• _Data section_
+++

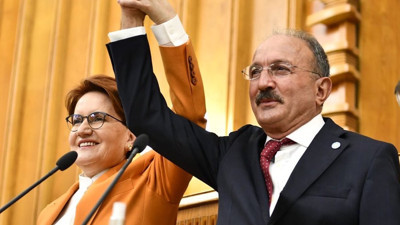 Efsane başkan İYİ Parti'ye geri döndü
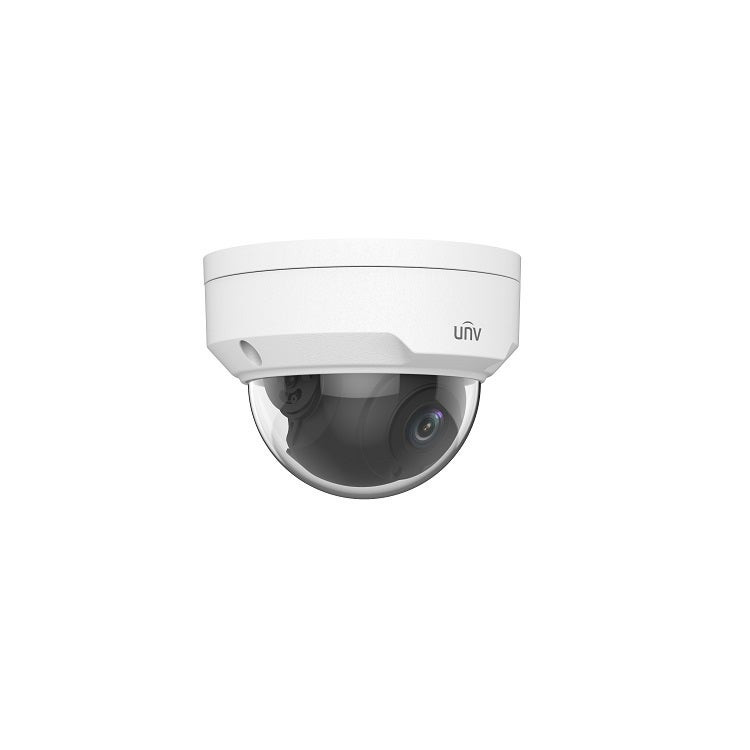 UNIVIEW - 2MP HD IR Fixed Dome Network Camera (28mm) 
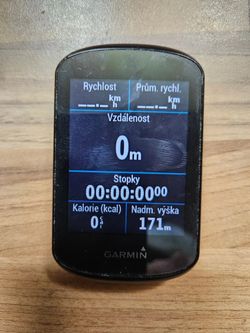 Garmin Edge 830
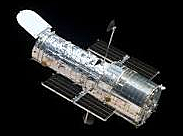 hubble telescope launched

+++

• _Directions_
Would you retype the listing above exactly, omitting its pictures?

• _Exercise output_
 Efsane başkan İYİ Parti'ye geri döndü
 UNIVIEW - 2MP HD IR Fixed Dome Network Camera (28mm) 
 Garmin Edge 830
 hubble telescope launched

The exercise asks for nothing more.